# PDE math homework help

1. Jan 17, 2010

### r.a.c.

1. The problem statement, all variables and given/known data

We are given f $$\epsilon$$ C(T) [set of continuous and 2pi periodic functions] and PS(T) [set of piecewise smooth and 2pi periodic functions]

SOlve the BVP

ut(x,t) = uxx(x,t) ; (x,t) belongs to R x (0,inf)
u(x,0) = f(x) ; x belongs to R

Find a solution of this PDE

2. Relevant equations

The only relevant equation I can think of is a Fourier Inversion which states that if is continuous and piecewise smooth then
$$f(x) = \sum f^h(n) e^i^n^x ; where f^h = 1/2\pi \int f(x)e^-^i^n^x dx$$

3. The attempt at a solution

I have tried solving the first equation ODE till I get by seperation of varaibles
S''(x) - AS(x) = 0 and T'(t) - AT(t) = 0

A is real. Three cases: A>0 in which case the solution is S(x) = C(sin(Lx)) + B(cos(Lx))
where C,B are constants and L = (-L)^(1/2)
Then I tried using power series expansion of sin and cos to be able to relate it to the fourier series of f (seeing as f(x) = S(x)) but to only get stuck.

When A = 0 S(x) = Cx + B
Then I can do this by finding the fourier coefficients($$f^h$$) and so on

When A<0 things become complicated because we get and exponential.

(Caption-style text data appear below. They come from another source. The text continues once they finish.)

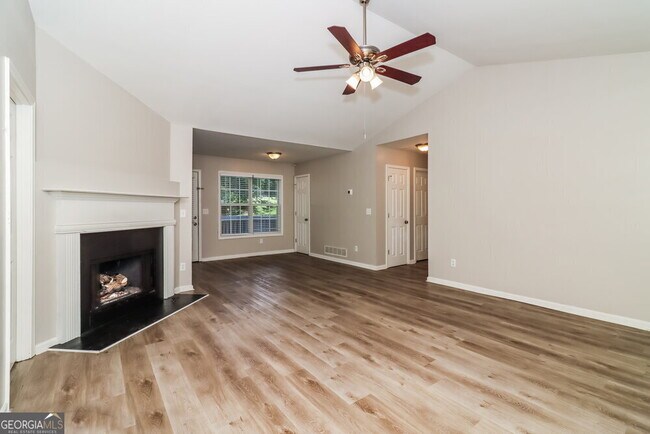 Building Photo - 7858 Nebo Rd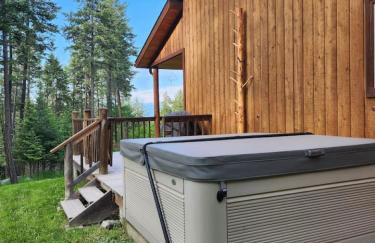 Blacktail Cabin Hideaway with hot tub - Foto 8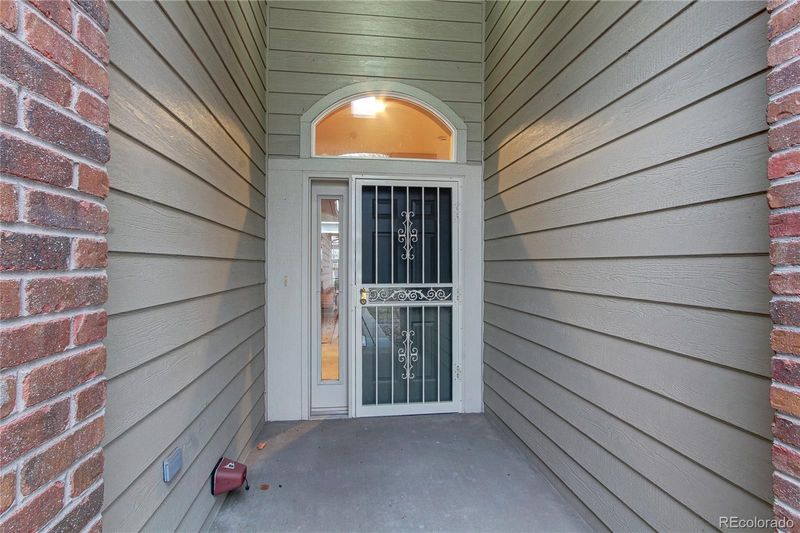 2860 W Riverwalk Cir #B, Littleton, CO 80123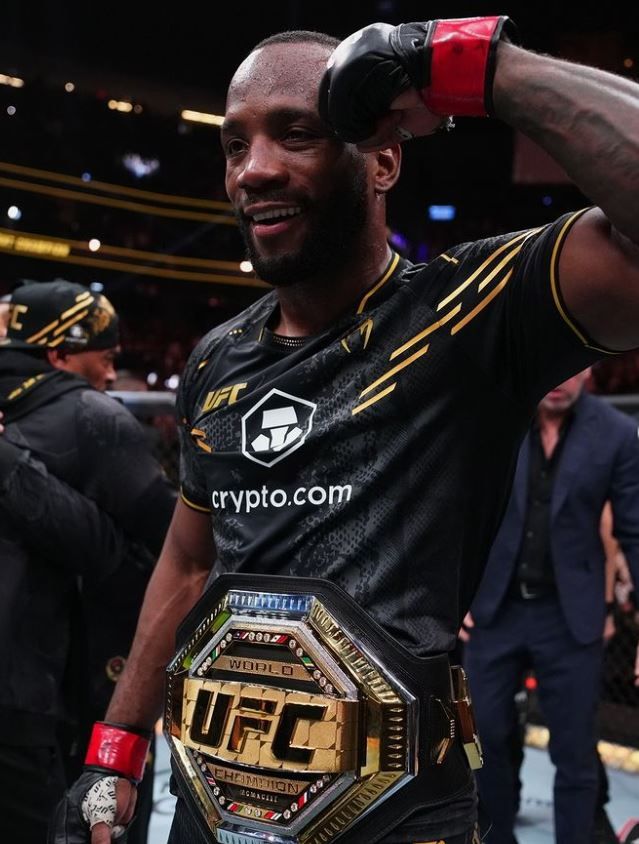 리온 에드워즈가 17일(한국시간) 미국 네바다주 라스베이거스 티모바일 아레나에서 열린 ‘UFC 296: 에드워즈 vs 코빙턴’ 메인 이벤트 웰터급 타이틀전에서 승리했다. 이로써 타이틀 2차 방어에 성공했다. 사진 | UFC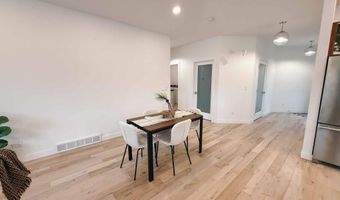 1002 Abby Rd, Alton, IA 51003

Anyways, first off, how do we know which A to use!? Then I can try to reach some sort of conclusion.
1. The problem statement, all variables and given/known data

2. Relevant equations

3. The attempt at a solution

2. Jan 17, 2010

### kfdleb

Re: Pde

first, the best thing is to solve it using separation of variable i.e. as an ODE as u did

u get X''(x)-CX(x)=0 and T'(t)-CT=0

i think ur missing something in the given such as u(0,t)=u(2\pi,t)
if so the solution would be X''(x)+L^2X(x)=0
X(x)=Acos(Lx)+Bsin(Lx)
with L=-n^2*(pi)^2/(2pi)^2

the solution would be the sum of X_n(x)*T_n(t)

3. Jan 17, 2010

### r.a.c.

Re: Pde

No I'm not missing anything in the solution. That's the problem. If the constraints on the extremities of x were there it would be a piece of cake. And if we had them then there would be no need for f to be belong to C or PS. Even in the question it tells us to solve the PDE using fourier series.

4. Jan 18, 2010

### r.a.c.

Re: Pde

Thanks but I found the answer to this. I think this is done.